I’ve noted before that New Jersey Governor Chris Christie won’t do anything before Charles and David Koch tell him it’s OK, so I can’t help wondering if Christie’s recent remarks on climate change represent a strategic shift by his patrons.
New Jersey Gov. Chris Christie admitted that he thinks climate change is real and that humans contribute to it at an event in New Hampshire last week.
But Christie, a likely 2016 Republican presidential candidate, also added that he thinks the degree to which humans contribute is questionable, according to MSNBC.
“I think global warming is real. I don’t think that’s deniable,” he said. “And I do think human activity contributes to it.”

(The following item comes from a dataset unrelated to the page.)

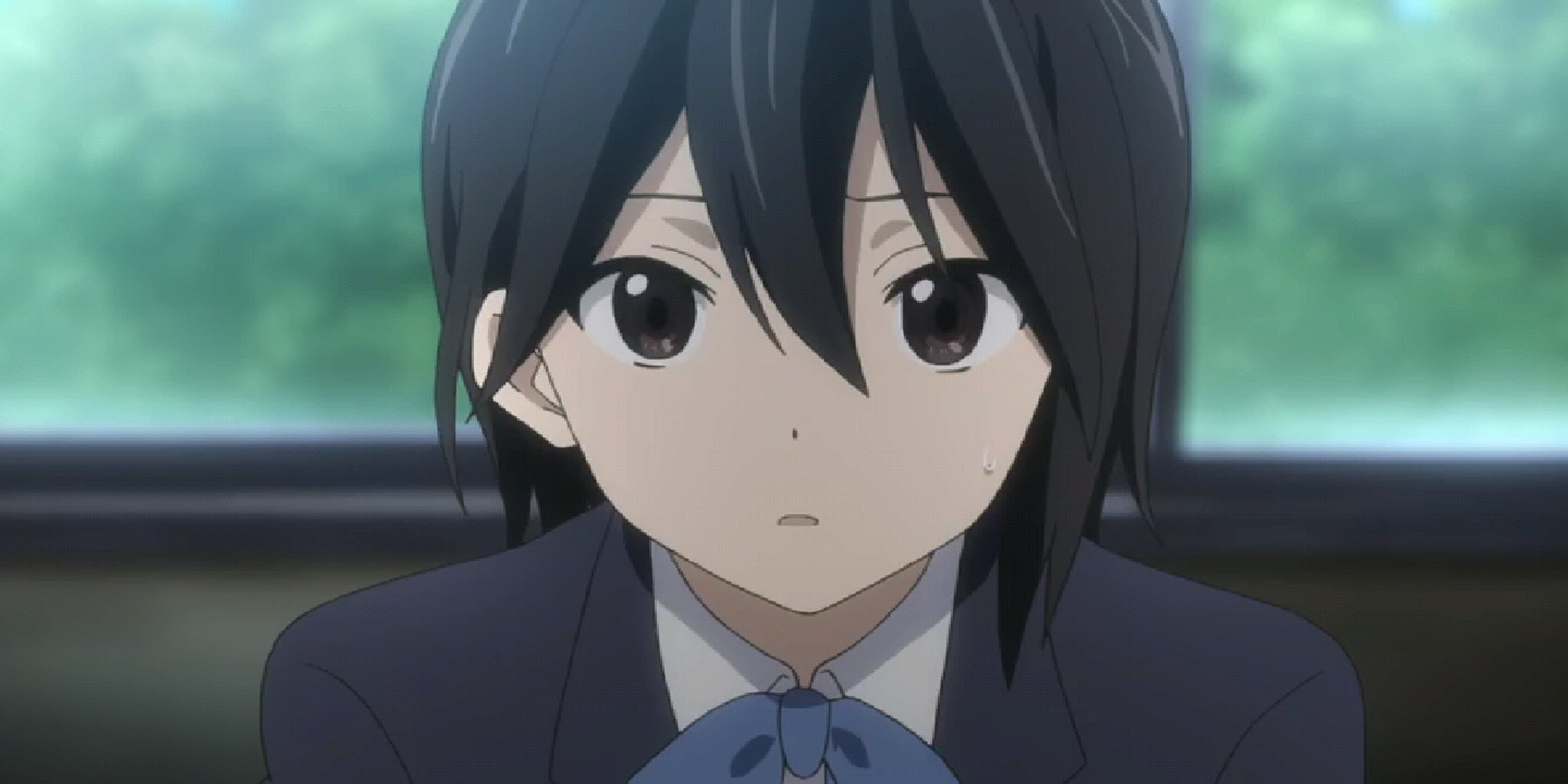 A young woman with black hair and brown eyes wearing a school uniform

Christie also said that the U.S. or a single group of states “can’t be acting unilaterally…when folks in China are doing things to the environment that we would never be done in our country.”

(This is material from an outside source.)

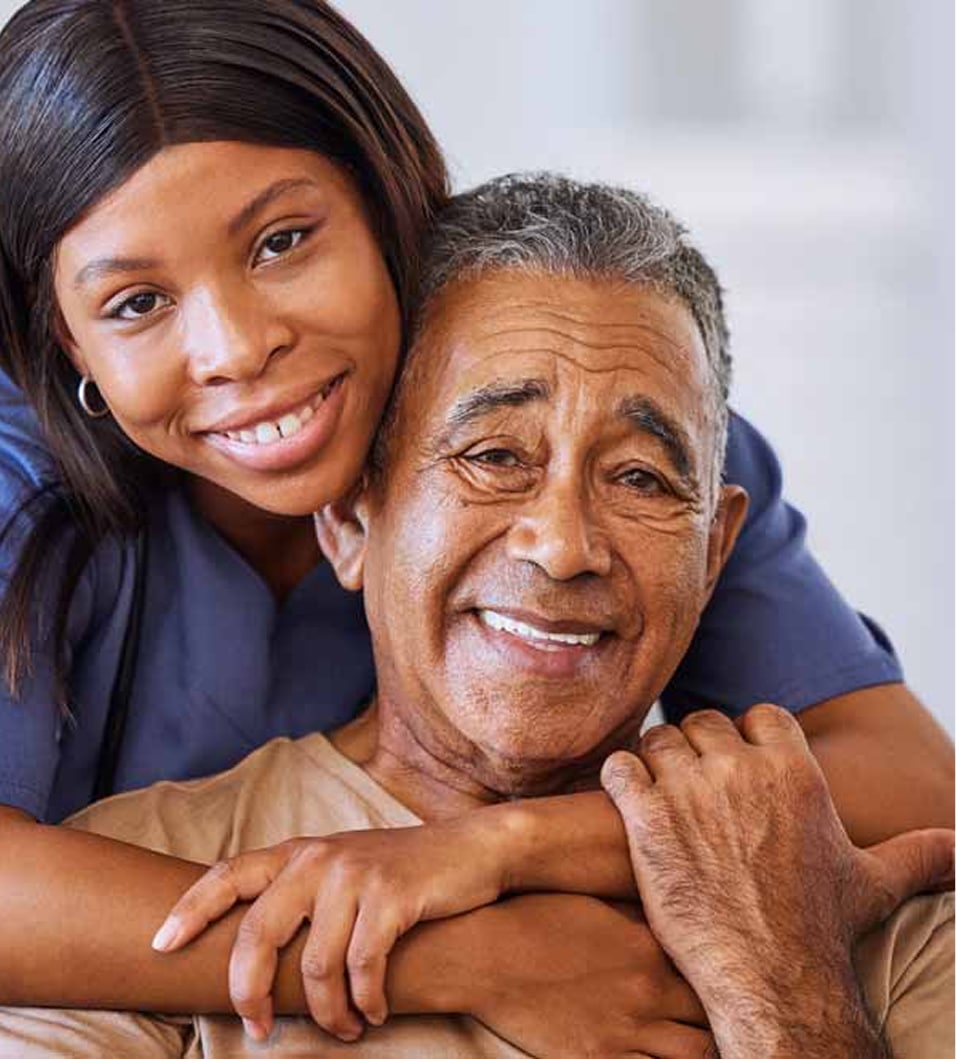 daughter caregiver with father smiling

“There’s no use in denying global warming exists. The question is what we do to deal with it,” Christie said.
Four years ago, Christie spoke at length about the reality of human-caused climate change while simultaneously bashing the multi-state carbon-reduction initiative known as the Regional Greenhouse Gas Initiative, falsely claiming that it was an ineffective boondoggle. Several months later, investigative journalist Brad Friedman exposed Christie’s ties to the Kochs; Friedman’s report was cited in a segment originally filmed for the 2014 Showtime documentary Years of Living Dangerously.

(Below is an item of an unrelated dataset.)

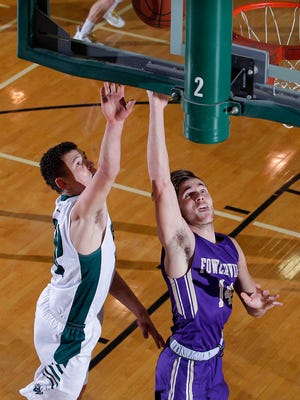 Fowlerville's Geoffrey Knaggs, right, gets a layup against Williamston's Sean Cobb, Friday, Jan. 12, 2018, in Williamston, Mich. Williamston won 99-66.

After diving into denial in 2013, Christie has now reverted to his 2011 position; acknowledging that human-caused climate change is real, while simultaneously expressing a profound unwillingness to do anything to curb carbon pollution. You have to think that as the evidence of the risk posed by climate change continues to mount, the Kochs have now decided to start moving away from all-out denial towards acknowledging that climate change is a fact, while asserting that any proposed solution is worse than the problem.
The partisan divide on climate won’t end until Republicans find the courage to stand up to the Kochs and other opponents of action on climate change, and propose solutions such as a federal revenue-neutral carbon tax. Is that day coming sooner, later, or never?